(Your task): An exact copy of the data is needed, but without any of its images.
:: Input data
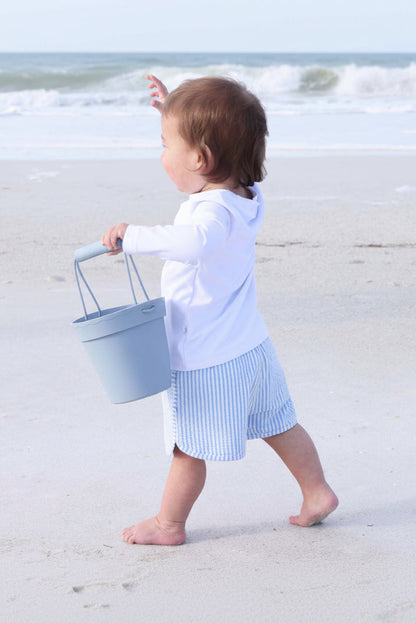 Boy's Swim Trunks | Seersucker Blue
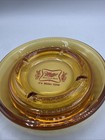 Vintage Marketing Ashtray Miller High Life Beer Amber Glass Usa - 6 5 Inches 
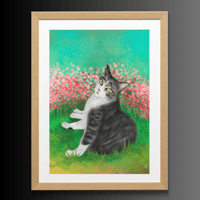 Image 5 of Framed custom pet  portrait 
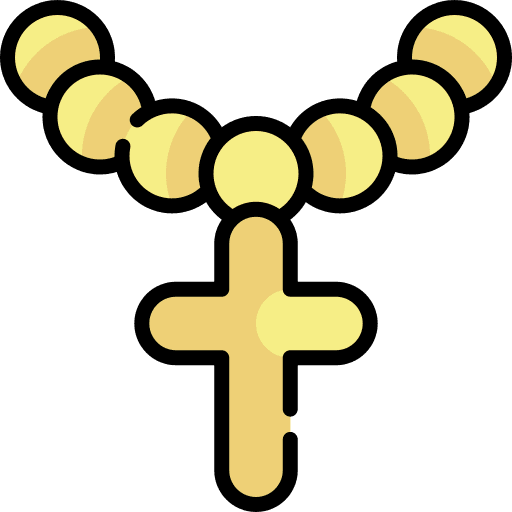 Rosary rosary beads cross icon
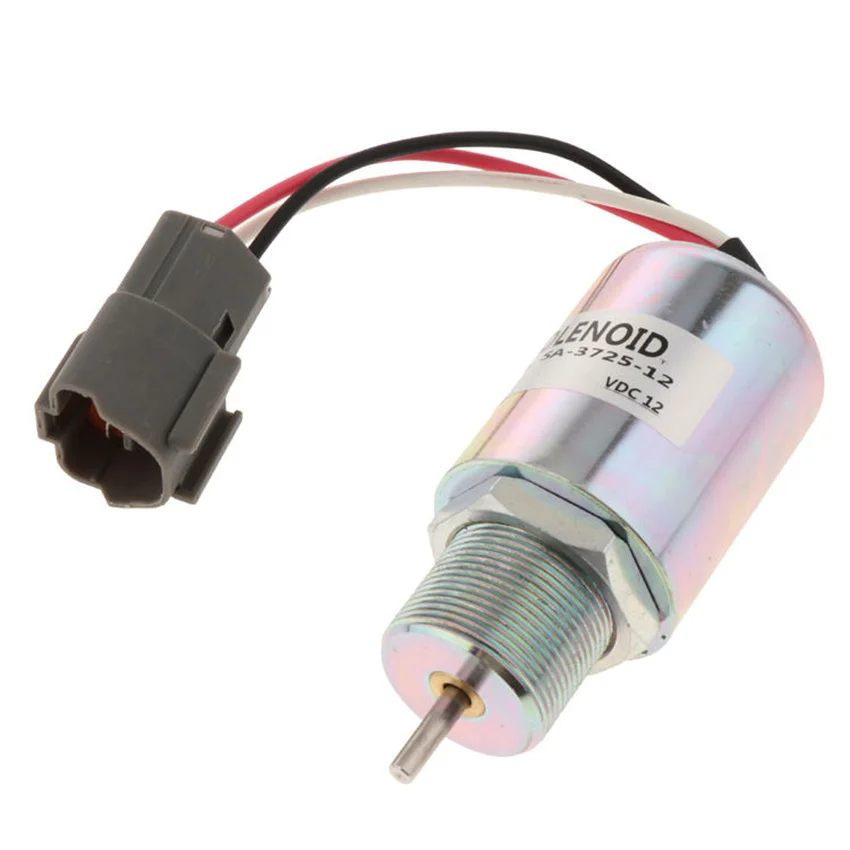 

Stop Solenoid PJ7415748 SA-3725-12 12V for Volvo EC13 EC15 EC15B EC20 EC20B EC25 EC30 EC35 EC45 Excavator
::::
(Exercise output):
 Boy's Swim Trunks | Seersucker Blue
 Vintage Marketing Ashtray Miller High Life Beer Amber Glass Usa - 6 5 Inches 
 Image 5 of Framed custom pet  portrait 
 Rosary rosary beads cross icon

Stop Solenoid PJ7415748 SA-3725-12 12V for Volvo EC13 EC15 EC15B EC20 EC20B EC25 EC30 EC35 EC45 Excavator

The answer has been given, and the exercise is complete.